Wednesday, December 29, 2010

Revisiting "A Feudal Foundation" (Part Two)

Photo Credit: The Mad Monarchist
Feudalism was not always a system, and it wasn’t even called feudal until well after its extinction in Western Europe. At one point it was just a series of laws and customs governing the use and ownership of land. It is said that after Charlemagne's death in 814, his descendants fought over the land, and Europe disintegrated into thousands of seignories (independent kingdoms run by sovereign lords). In my discussion of the Black Prince’s Ruby, you can read how Spain was fraught with feuding for land amongst several of these seigneurs.

Throughout Western Europe, these lords independently governed tracts of land. After awhile, the knights in military service to these lords began to make demands for rights to land, especially in France. Realizing the importance of garnering fealty from their military force, the lords set up a system of legal agreements to grant these requests for land.

Photo Credit: Wikipedia

Under these new laws, a knight (and later peasants) could make a pledge to provide military, political, or financial services to a lord by means of an oath of allegiance. In return, the lord acknowledged the agreement with an act of homage. After this feudal bond was created, the knight then became a legal vassal of the lord.

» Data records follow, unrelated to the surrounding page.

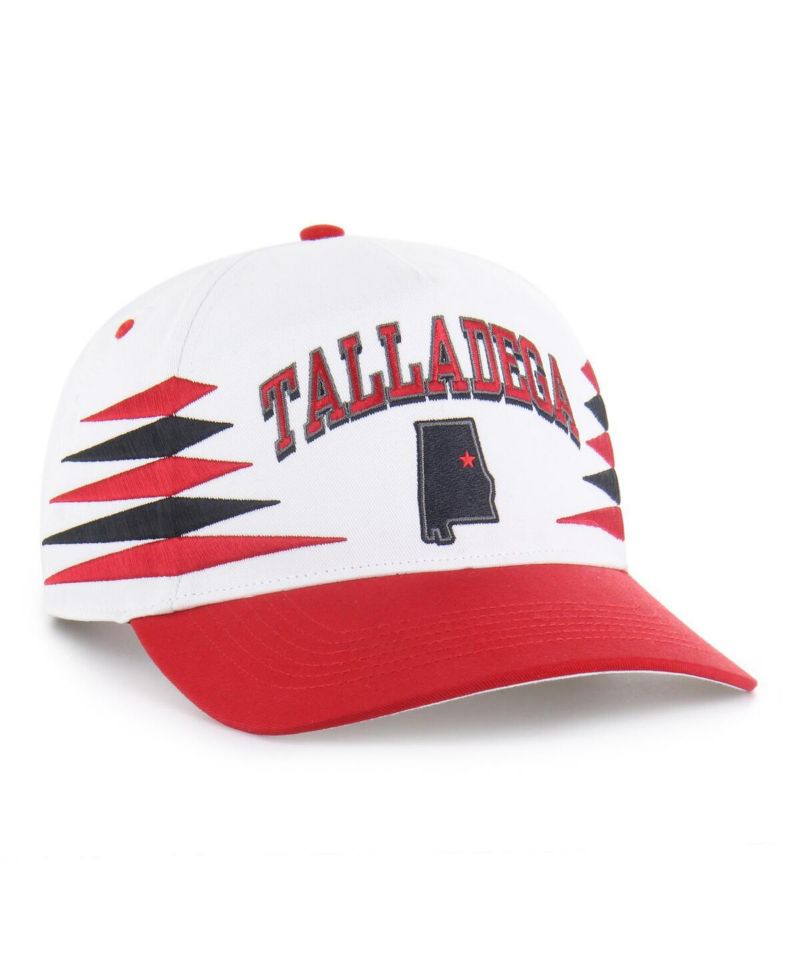 Men's White/Red Talladega Superspeedway Diamond Cut Hitch Adjustable Hat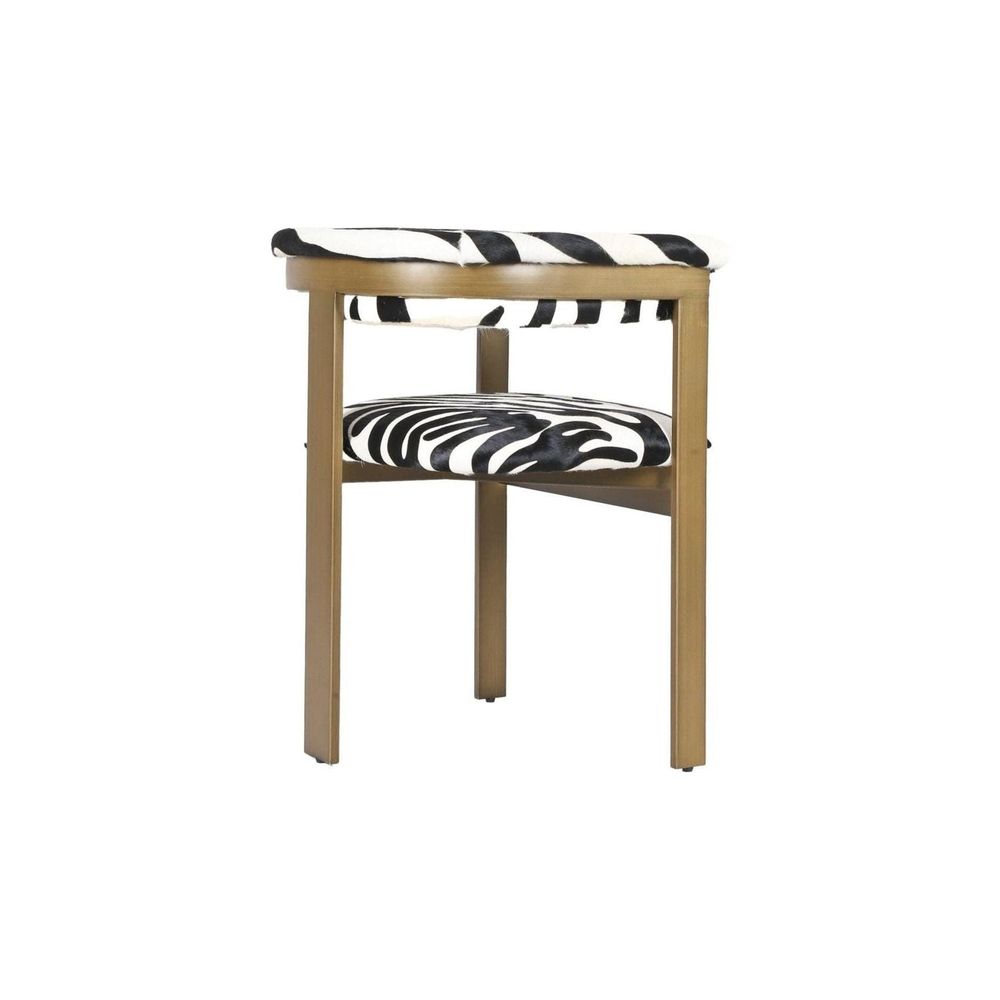 Rental Dearcy Dining Chair With Zebra Hide - Rental Price/Week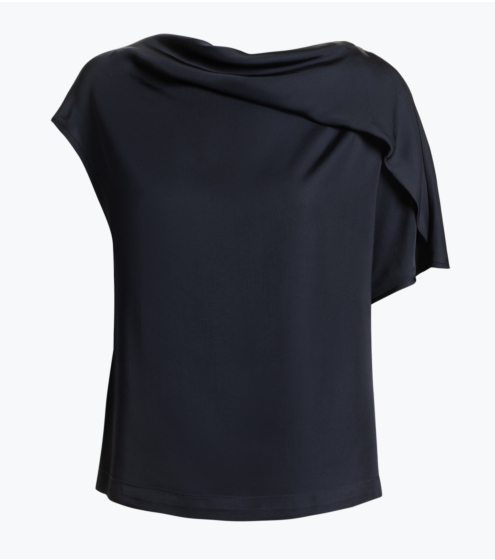 Μπλούζα Boat Neck με Πτυχώσεις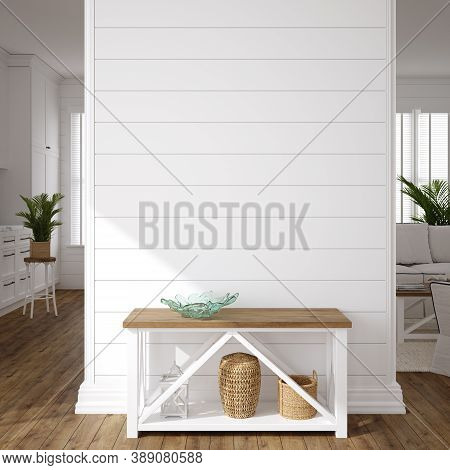 Hampton Style Living Room Interior, Wall Mockup, 3d Illustration
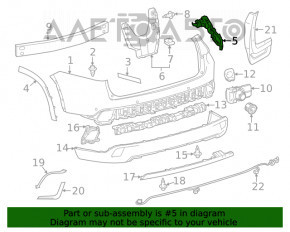 Rear bumper mount right Toyota Highlander 14-19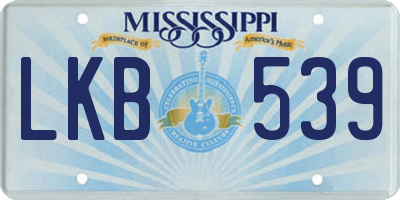 MS license plate LKB539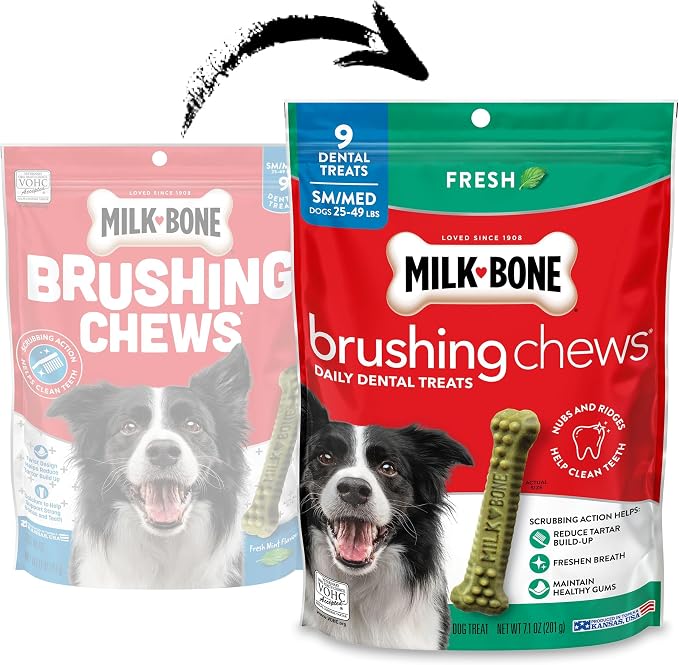 Milk-Bone Brushing Chews Original Chicken Flavor Daily Dental Dog Treats, Small/Medium, 7.1 Oz. Bag (Pack of 5) Dog Treats, Fresh Breath, Small/Medium, 7.1 Oz. Bags, 9 Bones Per Bag (Pack of 5)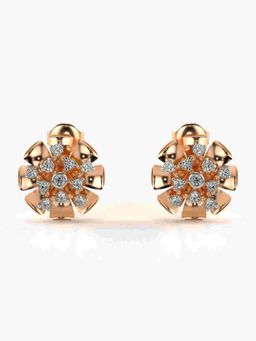 Valanova - Sterling Silver Plated with Rose Gold and Certified Lab Grown Diamond 0.31 Cts Earrings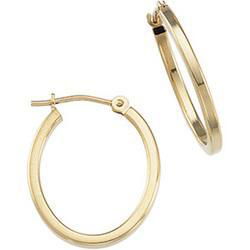 14K Yellow Gold Oval Square Tube Hoop Earringsyellow 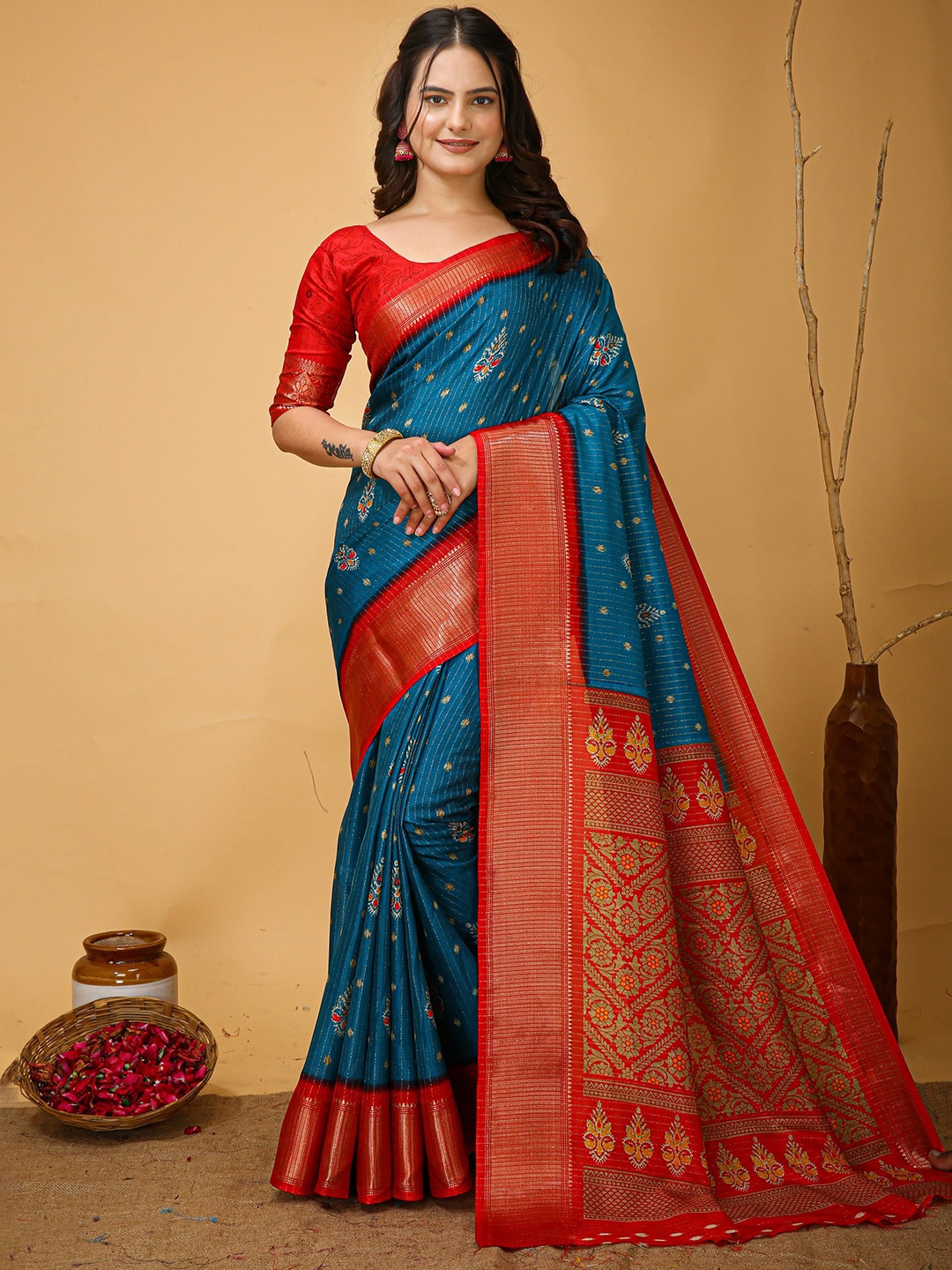 

V3 FASHION STUDIO Ethnic Motifs Zari Art Silk Banarasi Saree, Blue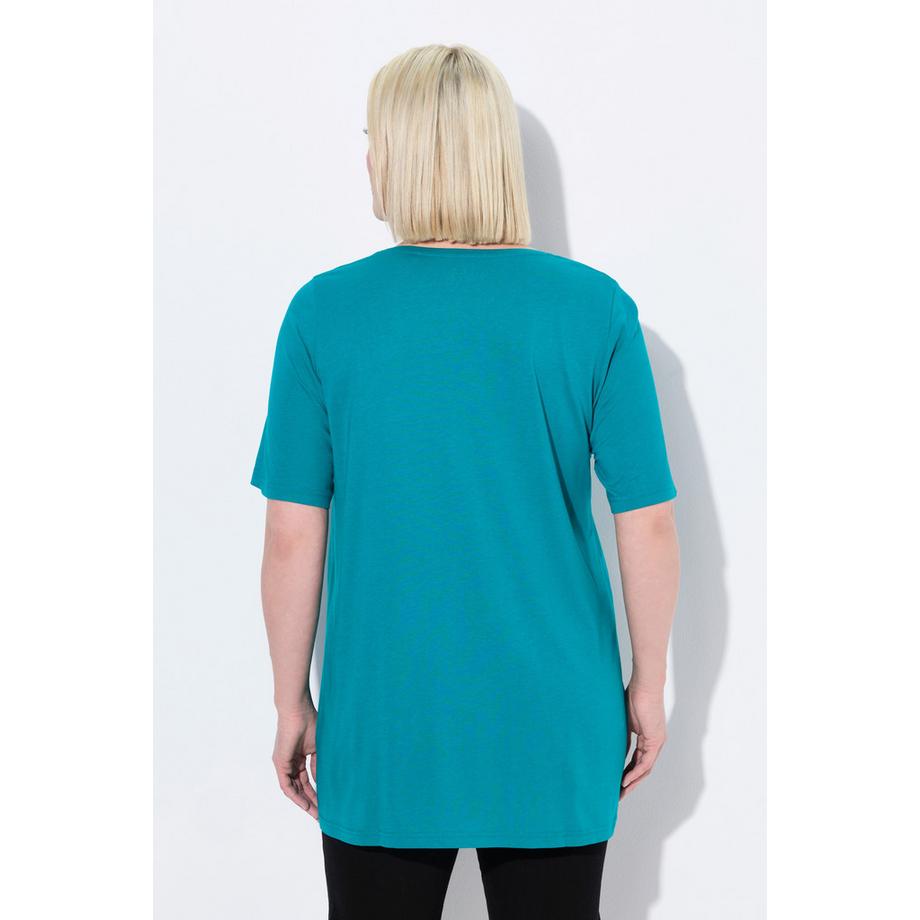 Ulla Popken T-shirt Pieghe Decorative Linea ad A Girocollo Mezza Manica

The lord granted him tenure (ownership) of a specified portion of the lord’s land. In return, the vassal agreed to provide protection, political or military aid, profit-sharing, and/or rental payments to the lord.

These legal agreements were called fiefs, and a seigneur’s group of said agreements was termed a fiefdom. I suppose you could compare a seigneur to a modern-day mortgage lender, in that he maintained a form of ownership over the land even though the vassal was able to pass the agreement down to his heirs.

Duke of Normandy
Photo Credit: People Quiz
Though it is not agreed upon by historians, there is a theory that feudalism did not reach the island of England until the Norman Conquest. In 1066, William the Conqueror, Duke of Normandy, invaded the island from the continent and established a powerful monarchy which resulted in the intricate system of sovereignty that remains a fundamental part of the fabric of England’s government even today.

It is supposed that the feudalism that was inherent in the French customs of that day spread rampantly across the conquered island. Regardless of whether feudalism was brought to England by the invasion or whether it was already there, it is clear that the relationships between lords and vassals were foundational in constructing England’s strict social class system in the late 1700s and early 1800s.